*What the task requires*. The answer must consist solely of the lines below starting at the one containing "女摄影师剪影日落山顶图片下载" and ending at the one containing "Pink roses with candles and bath salts", repeated exactly, with both ends included and all pictures omitted.

*Data supplied*.
────

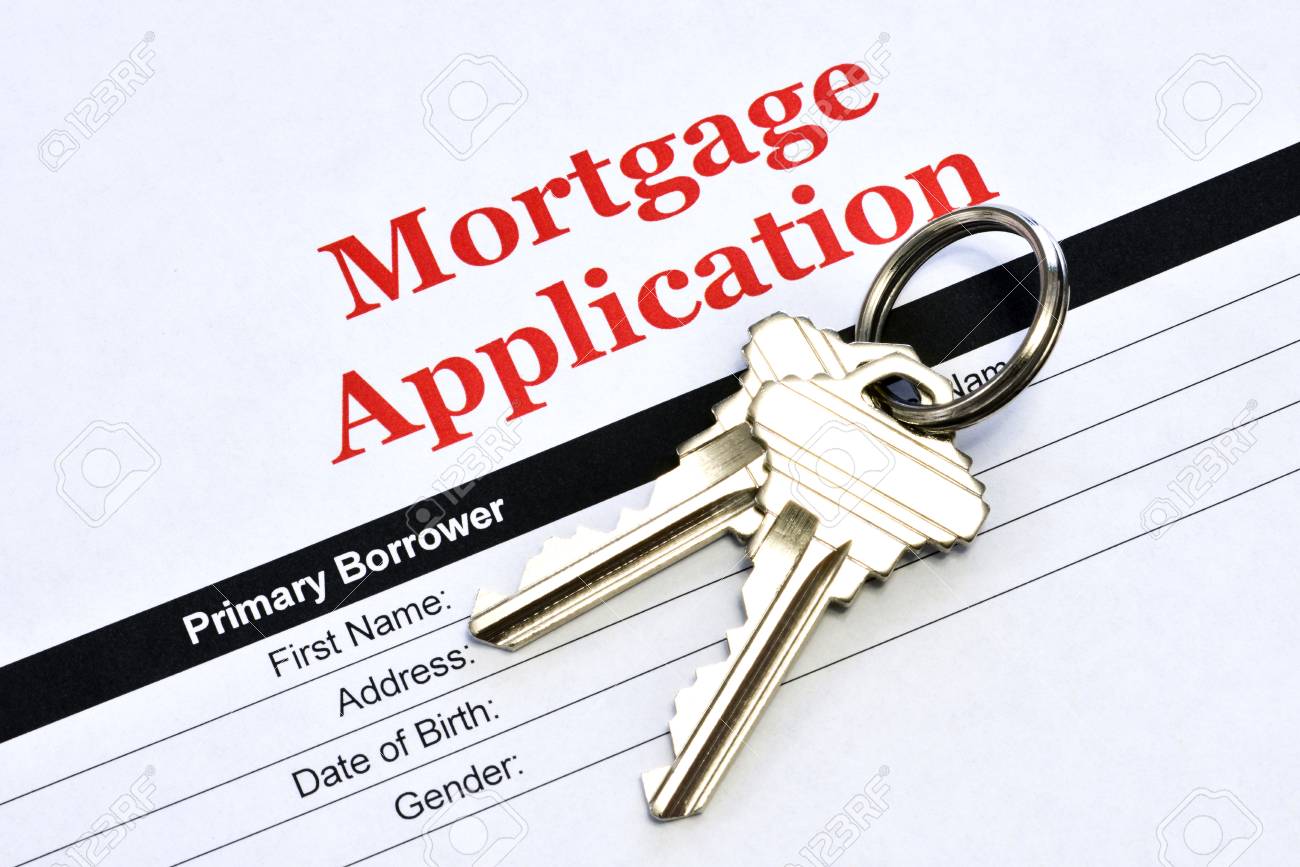 Real Estate Mortgage Application Loan Document With House Keys - 106385139 Real Estate Mortgage Application Loan Document With House Keys - 106385139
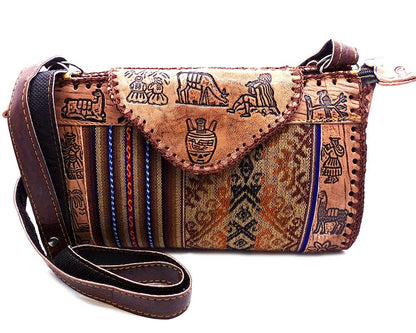 Brown leather handbag with tribal patterns on a white background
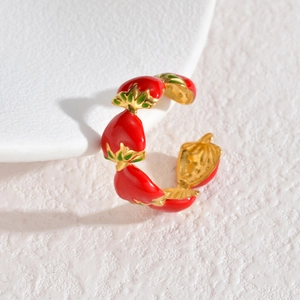 Golden stainless steel open ring featuring red enamel strawberry charms with green leaves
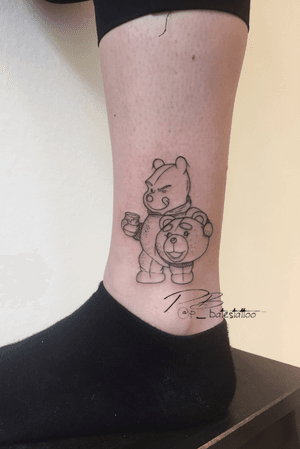 Unique blackwork illustration of Pooh Bear wearing a mask, surrounded by honey, on lower leg by Patrick Bates.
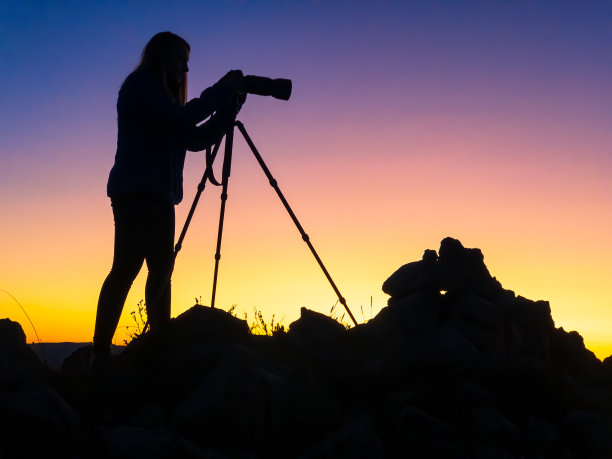 女摄影师剪影日落山顶图片下载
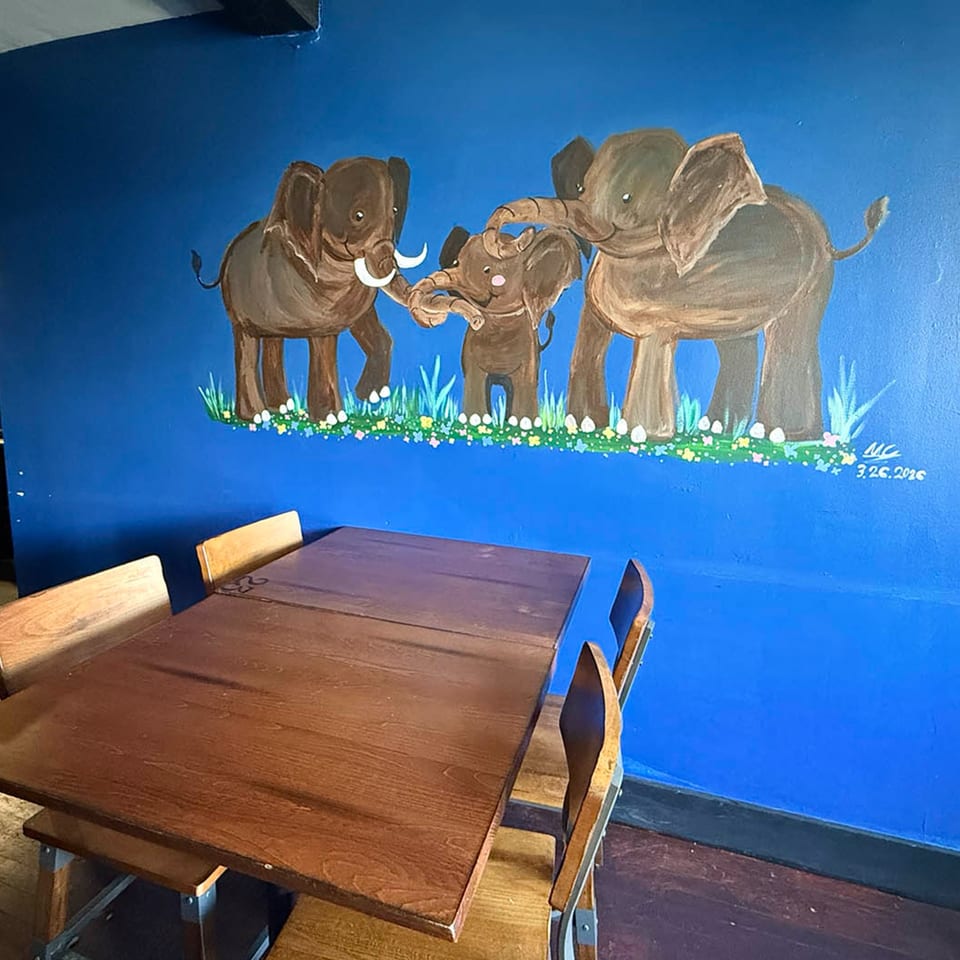 A vibrant blue wall with a painted mural of three elephants, two adults and a baby, above wooden tables.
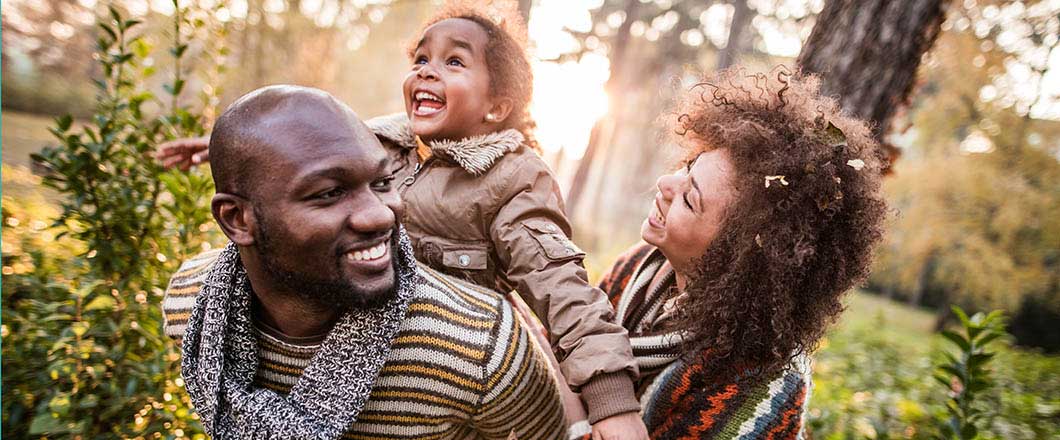 Happy African American family having fun in autumn day at the park. Father is piggybacking little girl.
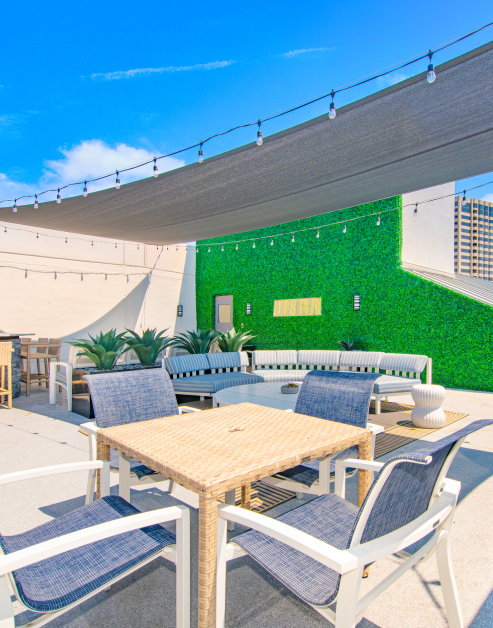 An open rooftop patio featuring a table and chairs with couch seating enhanced by an artificial grass wall backdrop with a canopy decorated with market lights at MAA McKinney Ave luxury apartments in Dallas, TX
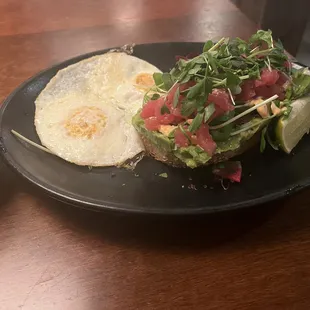 Avocado toast with 2 eggs and tuna poke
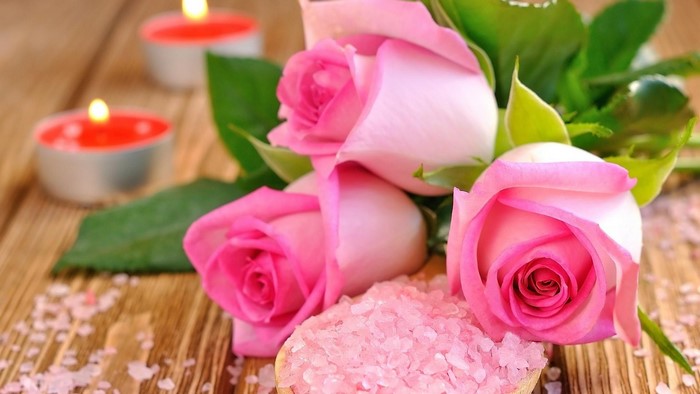 Pink roses with candles and bath salts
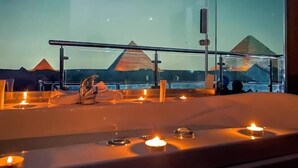 A room with a view of the pyramids, a bathtub with candles, and a glass partition. - Pharaonic Pyramids Hotel  (Giza)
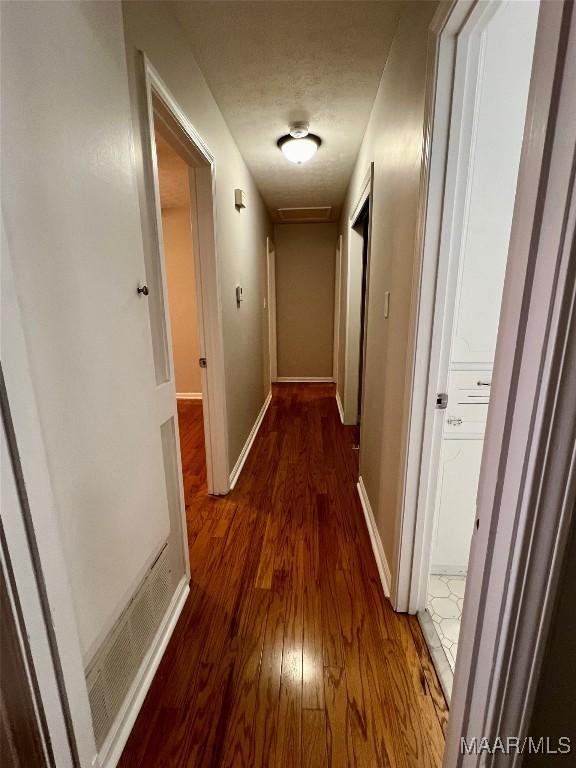 corridor featuring dark hardwood / wood-style flooring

────

*Answer to the exercise*.
 女摄影师剪影日落山顶图片下载
 A vibrant blue wall with a painted mural of three elephants, two adults and a baby, above wooden tables.
 Happy African American family having fun in autumn day at the park. Father is piggybacking little girl.
 An open rooftop patio featuring a table and chairs with couch seating enhanced by an artificial grass wall backdrop with a canopy decorated with market lights at MAA McKinney Ave luxury apartments in Dallas, TX
 Avocado toast with 2 eggs and tuna poke
 Pink roses with candles and bath salts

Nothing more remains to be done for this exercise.